[Data extract]
%%

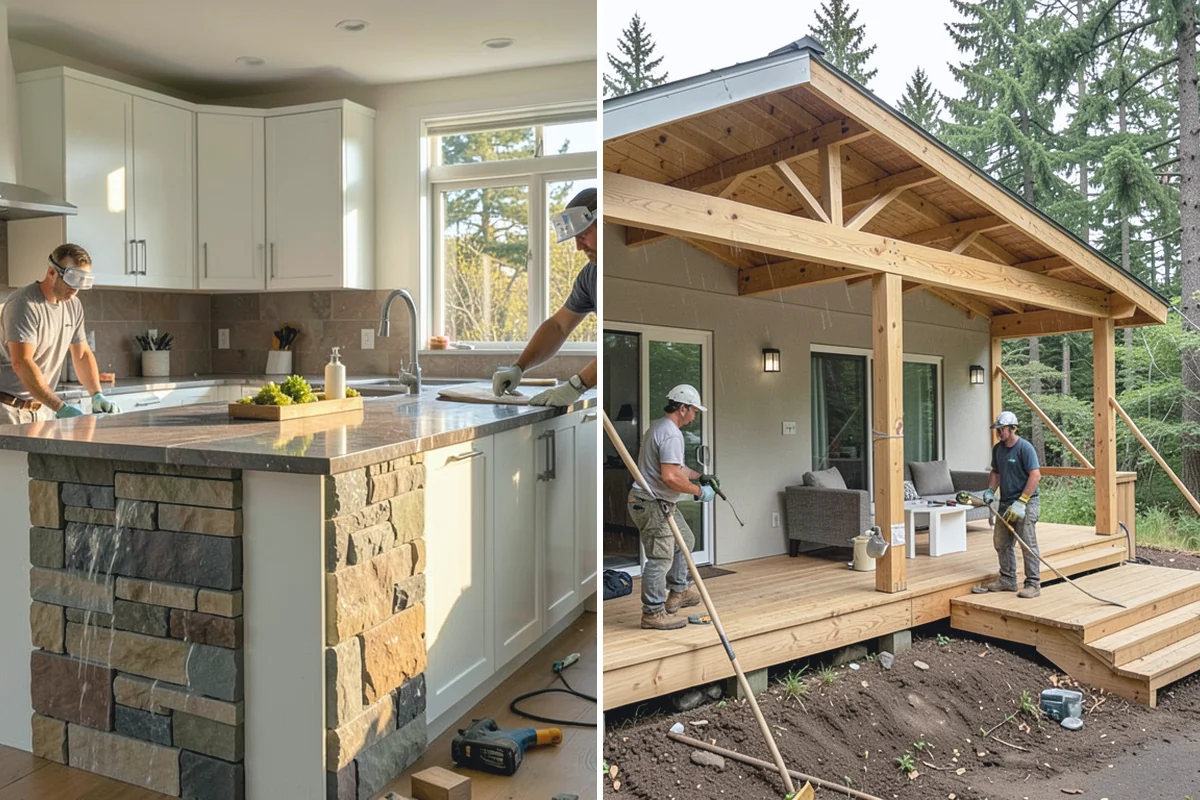 Attached ADU Construction in Medina, King County, WA - We evaluate where the attached unit can connect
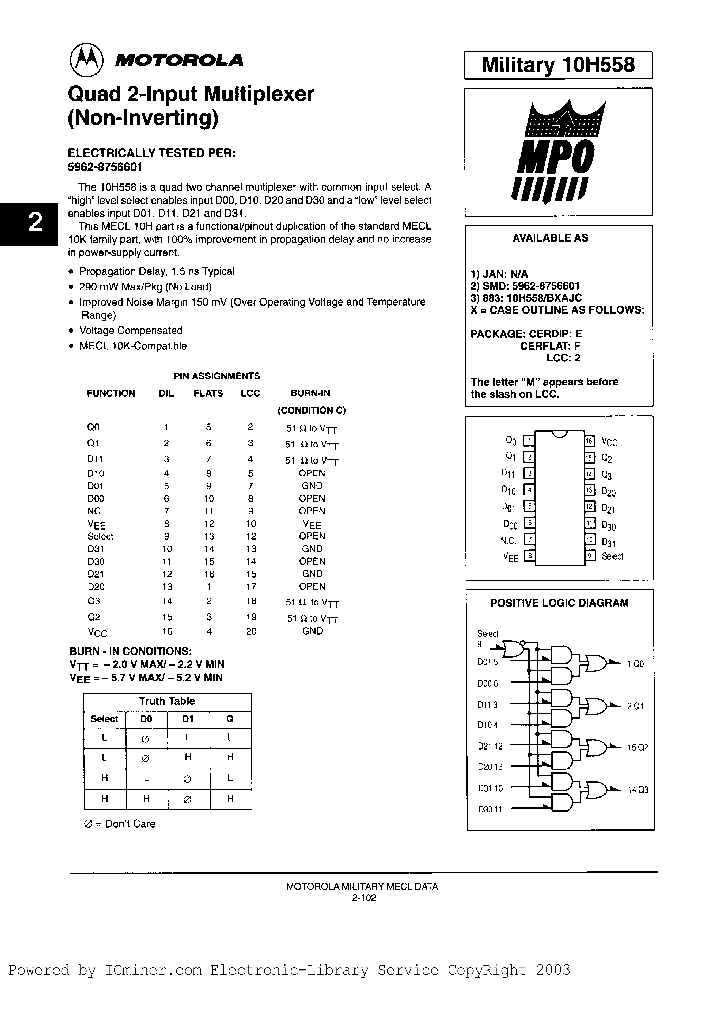 10H558MB2AJC_2694282.PDF Datasheet
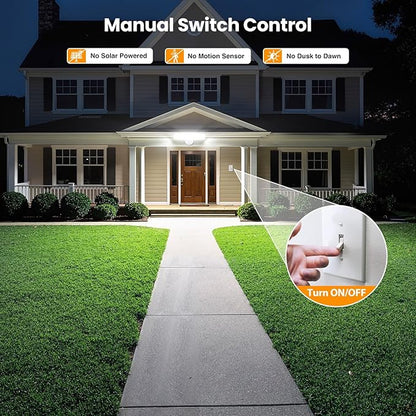 Onforu 150W LED Flood Lights Outdoor, 15000LM Brightness Security Light Switch - Image 5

%%

[Task]
Exclude every image and return the material above exactly.

[Exercise answer]
 Attached ADU Construction in Medina, King County, WA - We evaluate where the attached unit can connect
 10H558MB2AJC_2694282.PDF Datasheet
 Onforu 150W LED Flood Lights Outdoor, 15000LM Brightness Security Light Switch - Image 5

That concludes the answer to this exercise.